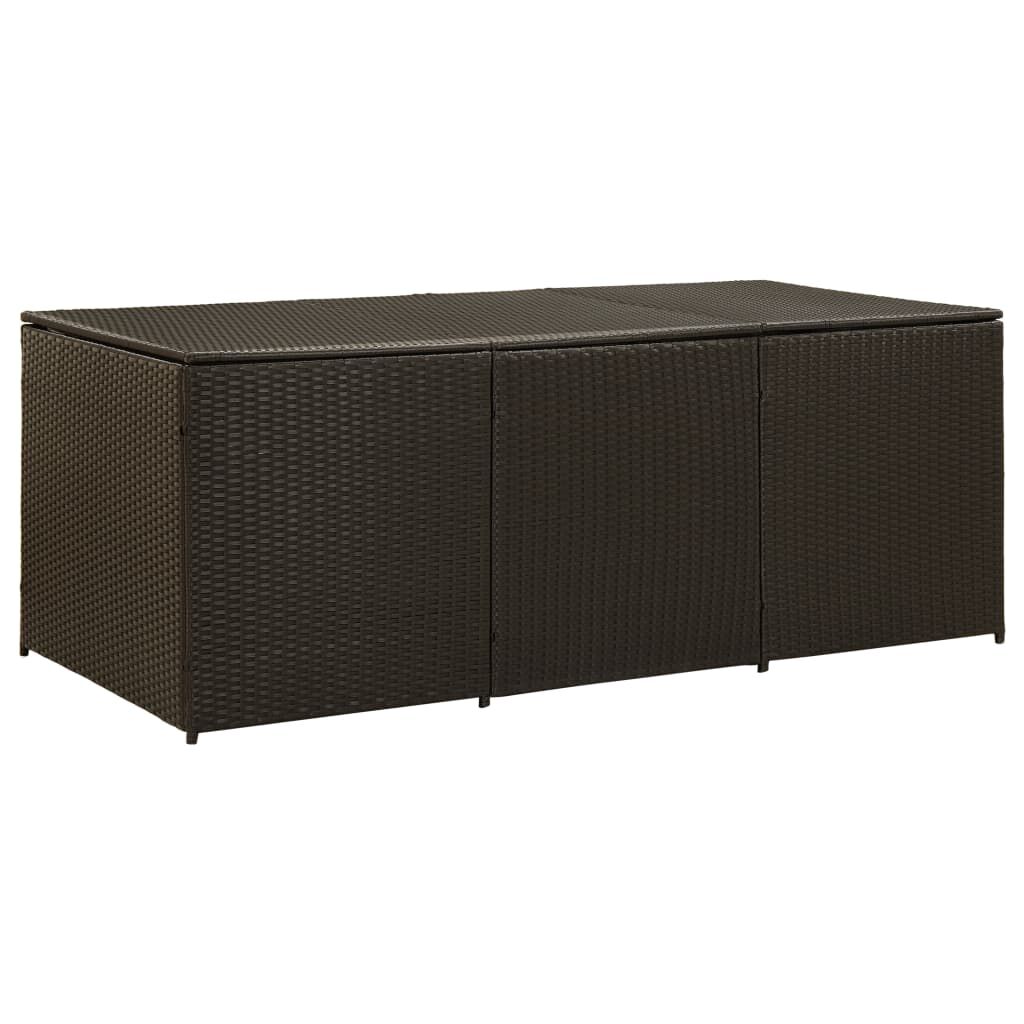 vidaXL Κουτί Αποθήκευσης Κήπου Καφέ 180x90x70 εκ. από Συνθετικό Ρατάν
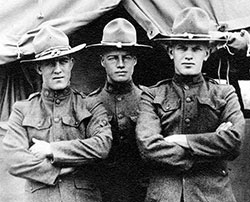 World War I, Tennent Brothers, Sergeant David Gaily Tennent, Private David Peck Tennent, and Private Donald Roy Tennent. David Peck Tennent and Donald Roy Tennent are brothers.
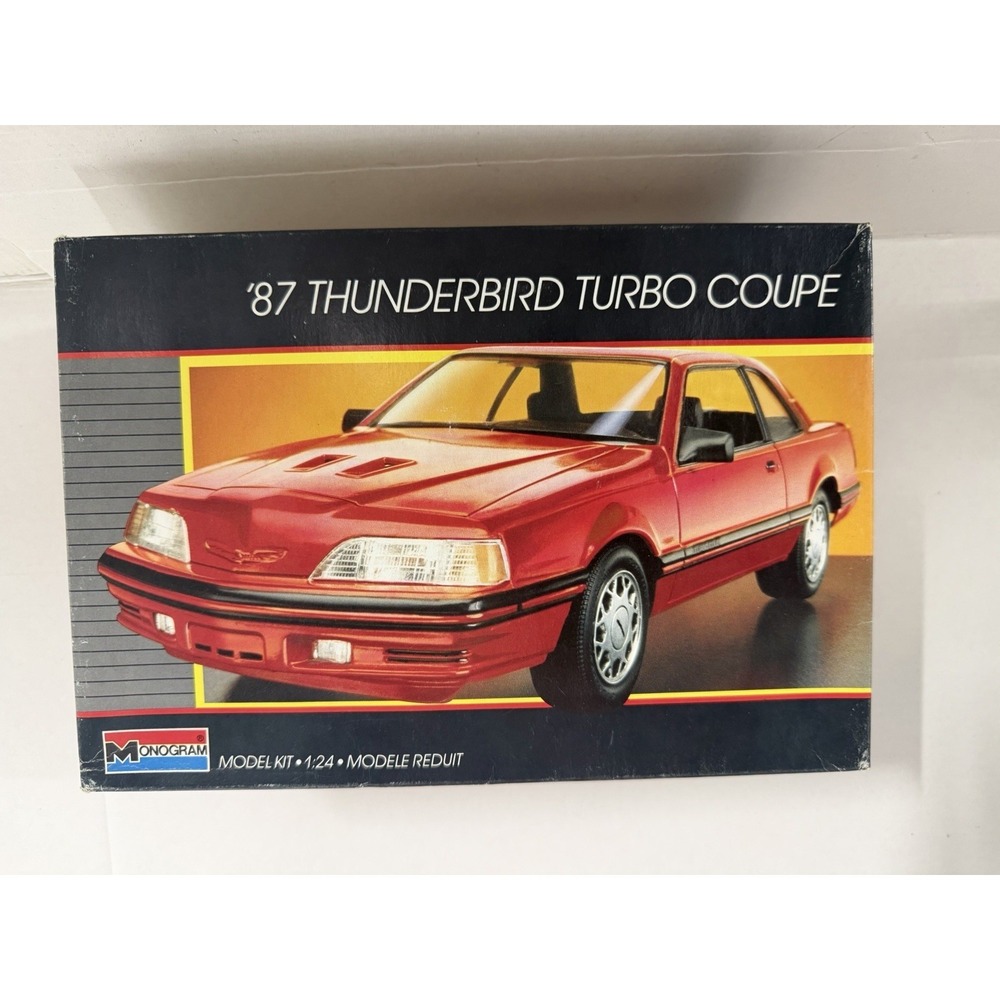 Vintage Monogram 87 Thunderbird Turbo Coupe 1/24 Scale Model Kit Open Box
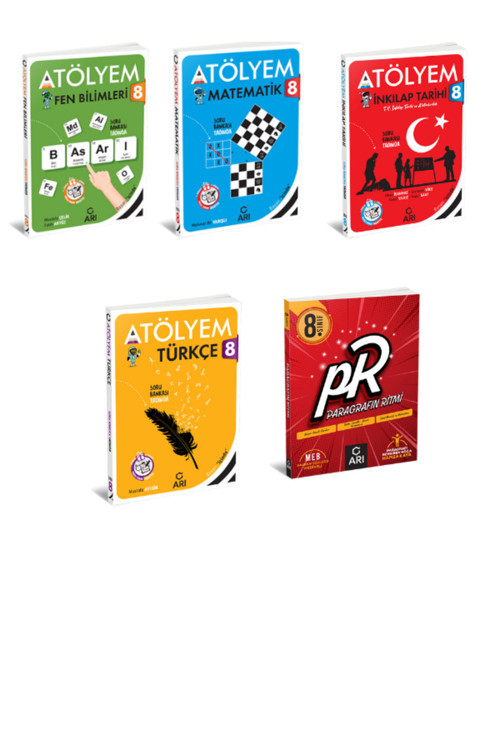 8 Sınıf Atölyem Fen +Matematik+Sosyal+Türkçe+Paragrafın Ritmi Soru Bankası Set(5 Kitap)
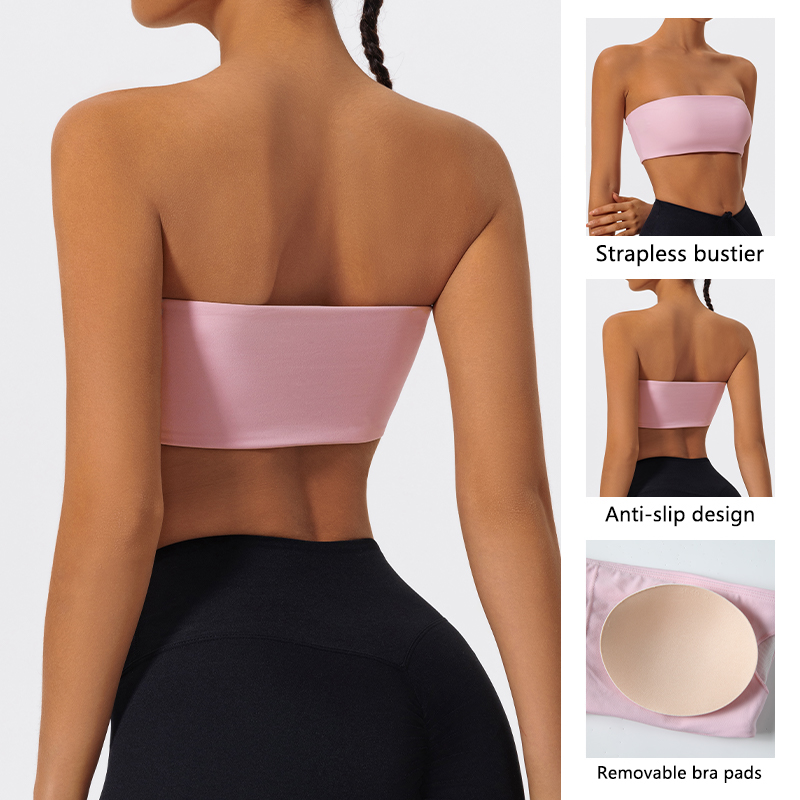 Strapless Sports Bra Gym Crop  - đánh giá và giá Sports Bra High Impact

-=-=-

**Required work**: Output, word for word, the full listing above, with no pictures.

**Solution to this problem**:
 vidaXL Κουτί Αποθήκευσης Κήπου Καφέ 180x90x70 εκ. από Συνθετικό Ρατάν
 World War I, Tennent Brothers, Sergeant David Gaily Tennent, Private David Peck Tennent, and Private Donald Roy Tennent. David Peck Tennent and Donald Roy Tennent are brothers.
 Vintage Monogram 87 Thunderbird Turbo Coupe 1/24 Scale Model Kit Open Box
 8 Sınıf Atölyem Fen +Matematik+Sosyal+Türkçe+Paragrafın Ritmi Soru Bankası Set(5 Kitap)
 Strapless Sports Bra Gym Crop  - đánh giá và giá Sports Bra High Impact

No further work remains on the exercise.